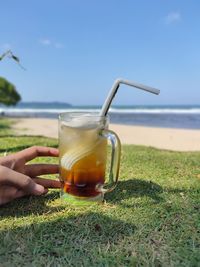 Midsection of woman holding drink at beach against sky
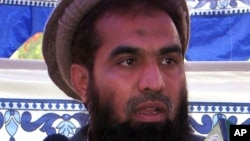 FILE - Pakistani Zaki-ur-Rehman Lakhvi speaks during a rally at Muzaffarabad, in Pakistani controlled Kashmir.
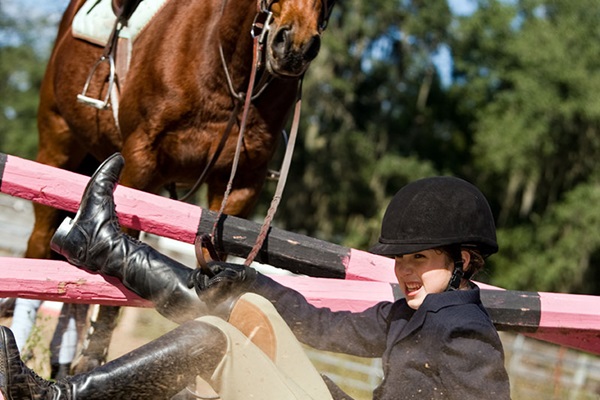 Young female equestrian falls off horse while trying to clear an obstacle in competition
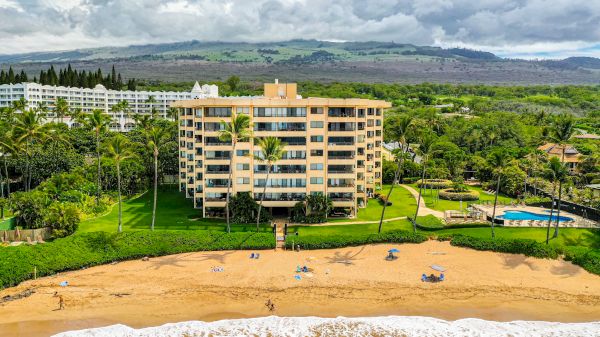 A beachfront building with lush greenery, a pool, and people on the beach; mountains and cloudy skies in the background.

▶ Exercise aim
The reply has to reproduce every line above verbatim and contain no pictures.

▶ Written answer
 Midsection of woman holding drink at beach against sky
 FILE - Pakistani Zaki-ur-Rehman Lakhvi speaks during a rally at Muzaffarabad, in Pakistani controlled Kashmir.
 Young female equestrian falls off horse while trying to clear an obstacle in competition
 A beachfront building with lush greenery, a pool, and people on the beach; mountains and cloudy skies in the background.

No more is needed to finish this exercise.